Space may be huge, but astronauts are running out of room in the rockets that carry them there.
A group of BYU engineers has teamed up with physicist and world-renowned origami expert Robert Lang to produce solar arrays (or solar panels) for NASA that can be compacted for launch using careful folding techniques. Once in space, the solar array will expand to nearly 10 times its compacted size and generate power for space stations and satellites.
“It’s expensive and difficult to get things into space; you’re very constrained in space,” said BYU professor and research team leader Larry Howell in a press release. “With origami you can make it compact for launch and then as you get into space it can deploy and be large.”
Howell explained that the price of the rocket fuel requires the rocket to be as lightweight as possible in order for the craft to get into space, making the space-efficient designs BYU is working on valuable for future space exploration.
The team has been working on related projects employing origami techniques for several years, but the current project began while mechanical engineering graduate student Shannon Zirbel was an intern at NASA.
BYU had already been working with NASA through the Jet Propulsion Lab and found that BYU’s work with origami principles could be employed to design space-efficient solar arrays.
Howell received a $2 million research grant from the National Science Foundation to fund the project, which was featured in the November issue of the Journal of Mechanical Design.
Origami expert Lang has been involved in the project as a consultant since the fall of 2012 and has been happy to assist in creating more efficient designs for space exploration.
“I’ve enjoyed (working with the BYU engineers) very much,” he said. “They’re smart and enthusiastic and are working on interesting technologies. I couldn’t ask for more.”
Zirbel has also been involved with the research since fall 2012 and has been very instrumental in the design process.

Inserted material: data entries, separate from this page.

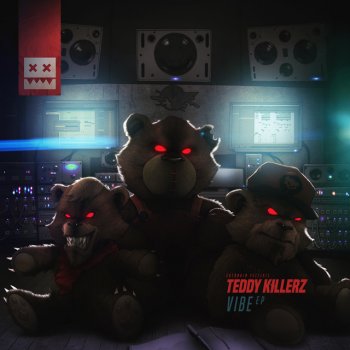 Teddy Killerz Bassline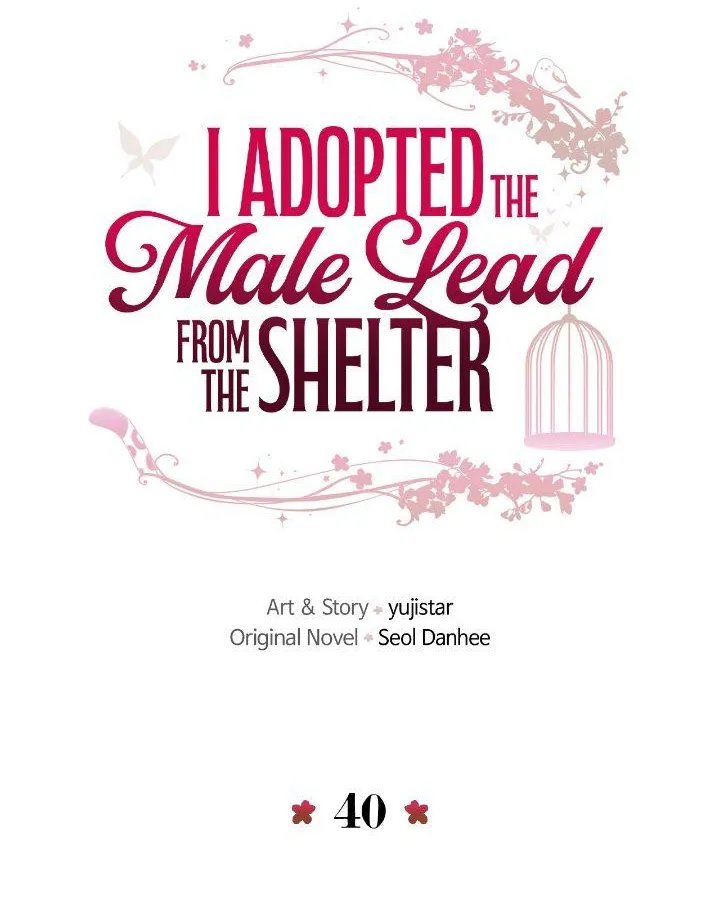 I Adopted the Male Lead from the Shelter 〘Official〙 Chapter 40 page 75 - 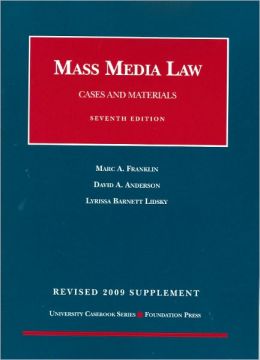 Mass Media Law, Cases and Materials, 7th, Revised 2009 Supplement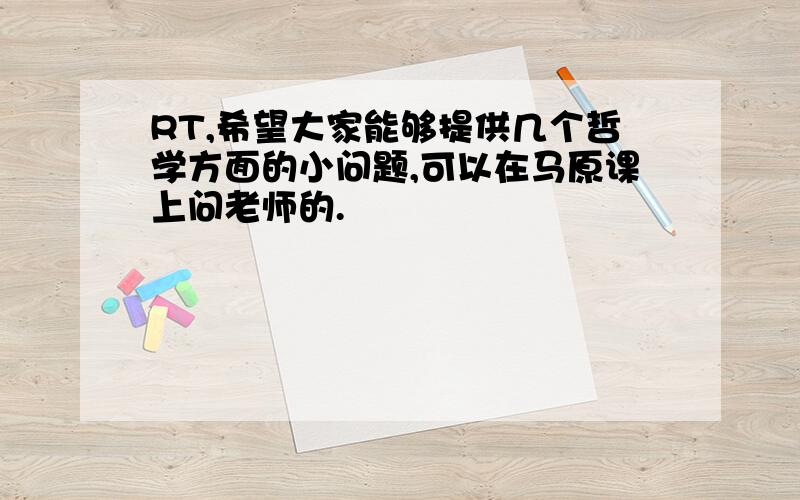 RT,希望大家能够提供几个哲学方面的小问题,可以在马原课上问老师的.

“I have been able to work with lots of people who are experts in the field; that’s been really exciting,” she said. “I have been able to make a lot of great connections with people who really have a lot of experience.”

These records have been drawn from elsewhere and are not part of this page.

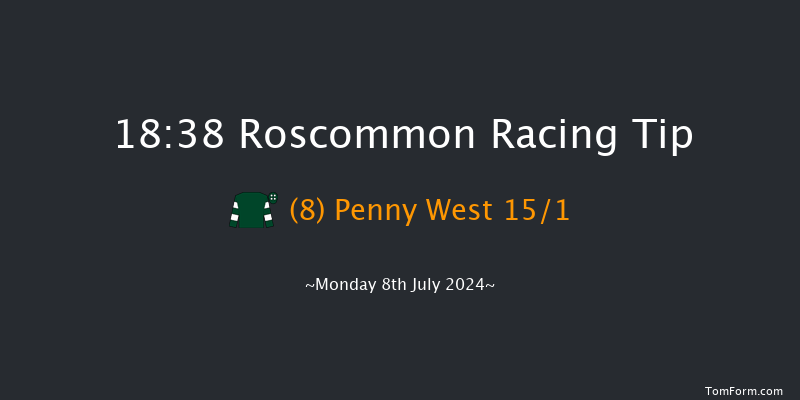 Roscommon  18:38 Maiden Hurdle 16f Tue 2nd Jul 2024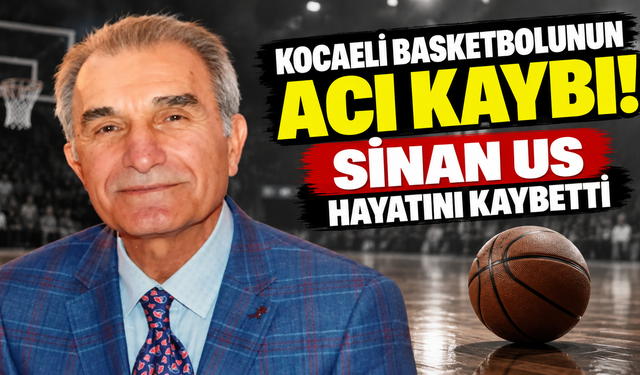 Kocaeli basketbolunun acı kaybı! Sinan Us hayatını kaybetti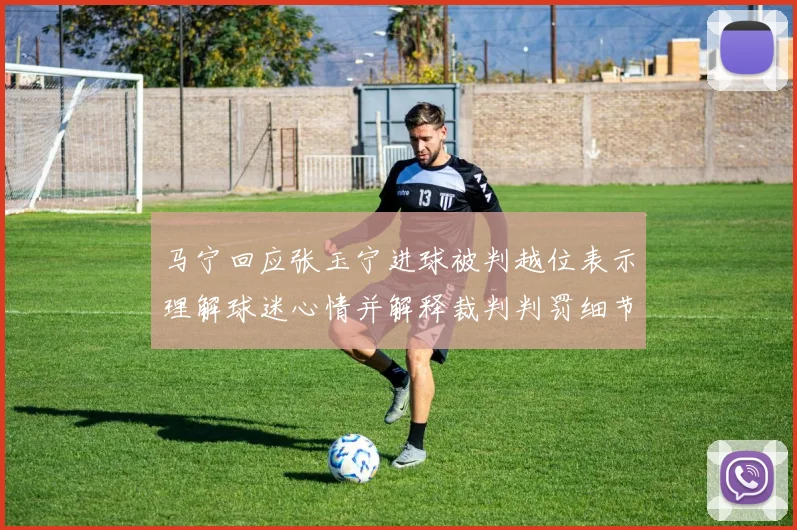 马宁回应张玉宁进球被判越位表示理解球迷心情并解释裁判判罚细节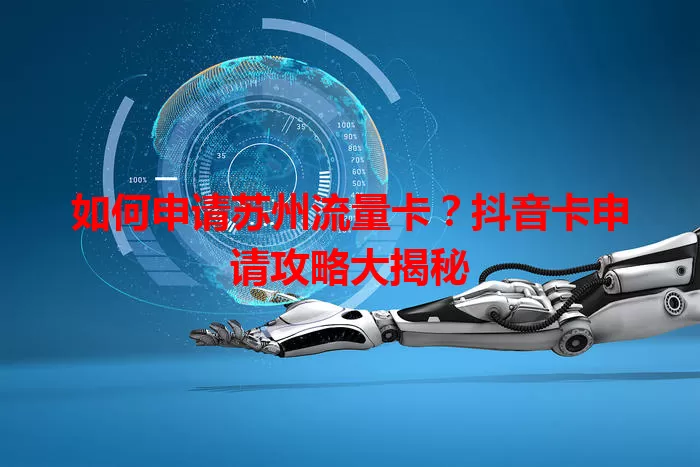 如何申请苏州流量卡？抖音卡申请攻略大揭秘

According to BYU News, the solar array developed by the group can be folded tightly down to a diameter of 2.7 meters and unfolded to its full size of 25 meters across. The group intends to create an array that can produce 250 kilowatts of power.
The group will work with NASA for several more years, and once the project is completed, they intend to continue exploring possible designs of earth-bound solar panels for use by the military and outdoor enthusiasts.
“I think it’s likely that the technologies we develop will have unanticipated spin-off benefits in other fields,” Lang said. “That’s the nature of research.”